Nur ein Lippenbekenntnis?
In der asiatischen Fahrradindustrie glaubt gegenwärtig offenbar kaum jemand, dass die Chinesen ihre Pläne in die Tat umsetzen. „Ich denke, das ganze ist eher ein politisches Statement“, sagt etwa Steve Fenton, der mit seiner Firma Pro-Lite in Taiwan u.a. Rahmen und Laufräder aus Carbon fertigt. Niemand in der Fahrradindustrie, so der Engländer, nehme die Regelung gegenwärtig ernst. Und wenn die Regelung doch käme, würden die chinesischen Hersteller sicher Wege finden, sie zu umgehen. Fenton sagt aber auch: „Es sollte nicht Aufgabe der chinesischen Regierung sein, dafür zu sorgen, dass die in China hergestellten Rahmen sicher sind.“ Die Fahrradindustrie müsse deutlich mehr Geld und Zeit in die Qualitätssicherung vor Ort investieren, um ihre Produkte sicherer zu machen.

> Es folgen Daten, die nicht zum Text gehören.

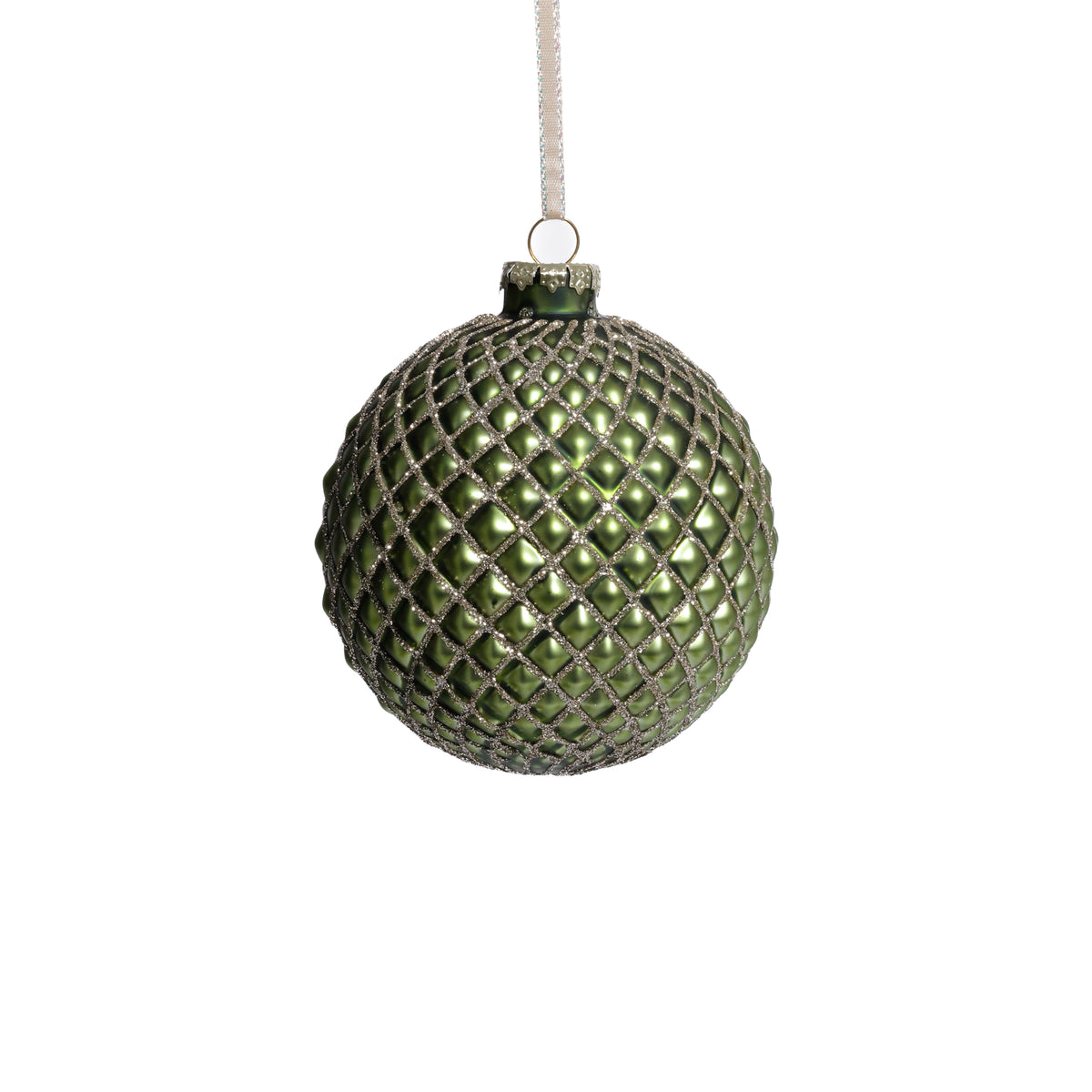 Zodax Metallic Glass Ball Christmas Ornaments, Set of 6, Matte Green, 4"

Inzwischen hat wohl aber auch die chinesische Regierung erkannt, dass sich ihr Plan nur schwer realisieren lässt. Boris Sirmanoff vom renommierten chinesischen Carbon-Anbieter Martec sagt gegenüber velobiz.de: „Soweit ich weiß, hat die Regierung das Ganze erst einmal ein wenig zurückgestuft, da es nicht ausreichend Testlabore gibt. Außerdem gibt es auch kaum Leute, die genug Fachwissen haben, um die Testergebnisse beurteilen zu können.“
Fürs erste können die Einkäufer in der europäischen Fahrradindustrie also wohl beruhigt aufatmen. Gleichwohl bleibt ein Beigeschmack, dass über dem schwarzen Gold der Fahrradbranche derzeit ein Damoklesschwert baumelt.